This tune was the turning point for me,
I remember being at carnival - maybe 99 or 2000 and Clarkee or someone dropped it and the crowd went mad and I was thinking "uurgh, I dont like this at all
it went all down hill from there . . . .
I do like this, though, the drums swing like the innocent Derek Bentley. Best thing Optical ever did, I reckon:
(NB: It turns out that I have lost my copy of this, leaving me with that Metalheadz tin box minus the only good record therein. Balls.)
No, you still have the only good record therein; Doc Scott -The Swarm.
also craner you & luka are utterly, utterly mad for trying to argue against the greatness of jump-up. at least jump-up meaning Ganja Kru & Formation & all this, not Aphrodite.
Baffles me, still, how this is a serious question. Yet the drum and bass boys consider 'Wormhole' to be the peak of all music. The other day, in an empty office working on something boring, I listened to the entirety of 'Wormhole', gave it a chance, like. Still totally baffled by the appeal. They put a lot of effort in to make the drums sound "chunky", sampled real drum kits and everything. But it still sounds shit, fellas! (OK, maybe not to lots of people, apparently. Baffling.)

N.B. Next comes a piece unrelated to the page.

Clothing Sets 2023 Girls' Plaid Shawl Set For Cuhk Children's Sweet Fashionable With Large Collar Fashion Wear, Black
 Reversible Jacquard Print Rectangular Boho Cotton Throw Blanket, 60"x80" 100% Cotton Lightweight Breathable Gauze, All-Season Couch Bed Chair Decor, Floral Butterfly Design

The thing I think is a shame is that jungle 'evolved' into techstep and DNB and that whole genre, based on using breakbeats and samples disappeared, or was sublimated into other genres (garage?). And DNB ended up something quite different, locked at 170bpm with no room to manoeuvre. Not that DNB fans mind - I actually think it's pretty great that the DNB genre just keeps going despite the indifference of the wider dance/electronic community, they don't give a fuck - in fact, I can say as someone who was into it for about four or five years that I didn't give a fuck, I thought everything else was 'too slow'. :crylarf:
Looking at discog dates, I think I have to recalibrate the death knell of d+b back to the end of '96, early 97 at the latest.